WORK INSTRUCTIONS >> Pictures should be omitted from your copy. Everything else in the entries below must be restated word for word.

------ DATASET CONTENT

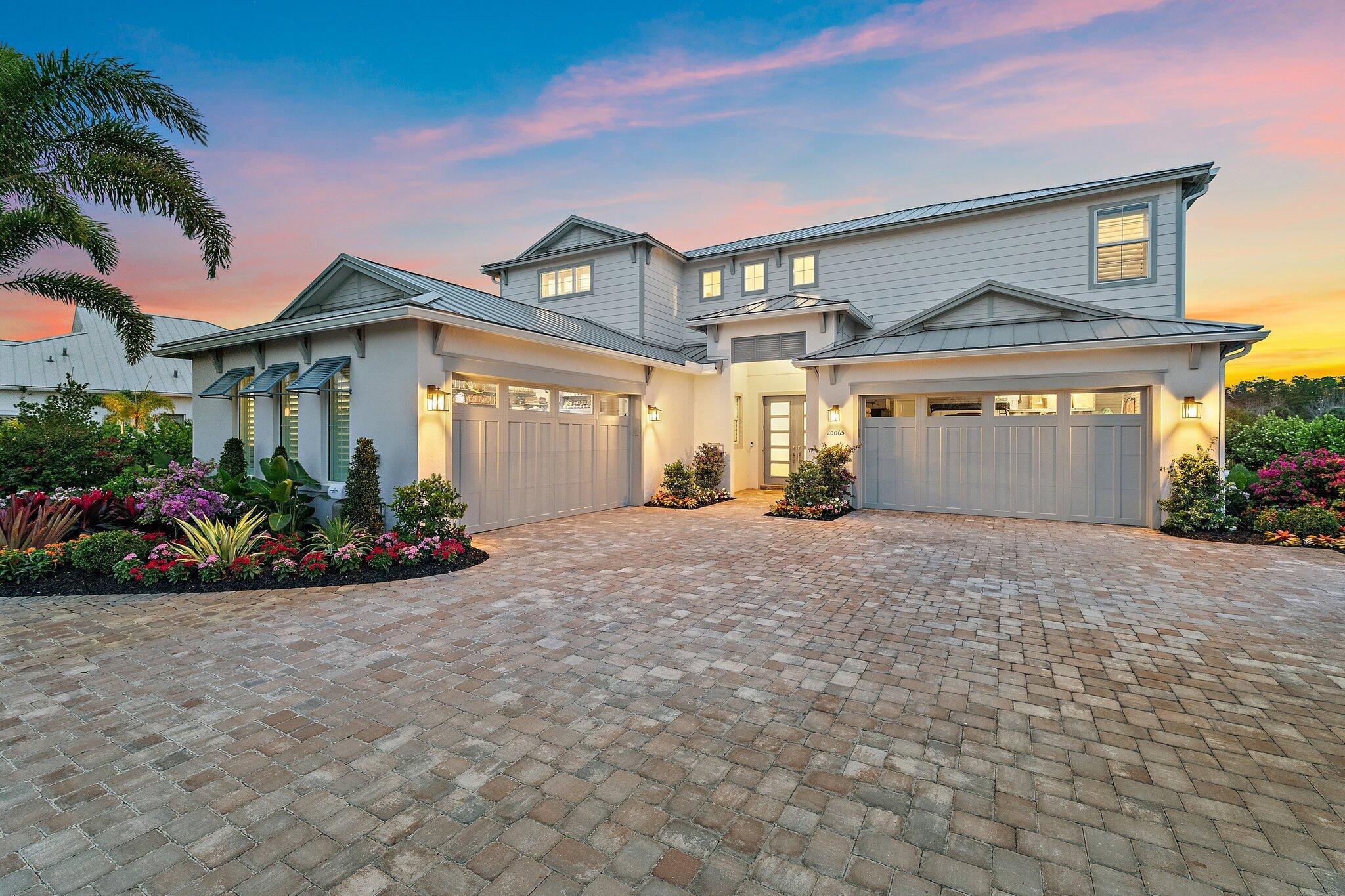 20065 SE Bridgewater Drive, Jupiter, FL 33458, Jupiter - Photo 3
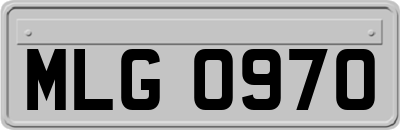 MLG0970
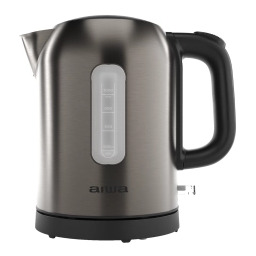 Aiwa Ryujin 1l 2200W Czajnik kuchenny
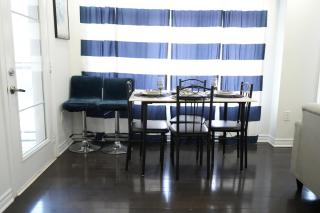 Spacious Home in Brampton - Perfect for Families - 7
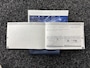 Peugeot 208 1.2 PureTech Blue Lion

------------

ANSWER TO THIS EXERCISE >>
 20065 SE Bridgewater Drive, Jupiter, FL 33458, Jupiter - Photo 3
 MLG0970
 Aiwa Ryujin 1l 2200W Czajnik kuchenny
 Spacious Home in Brampton - Perfect for Families - 7
 Peugeot 208 1.2 PureTech Blue Lion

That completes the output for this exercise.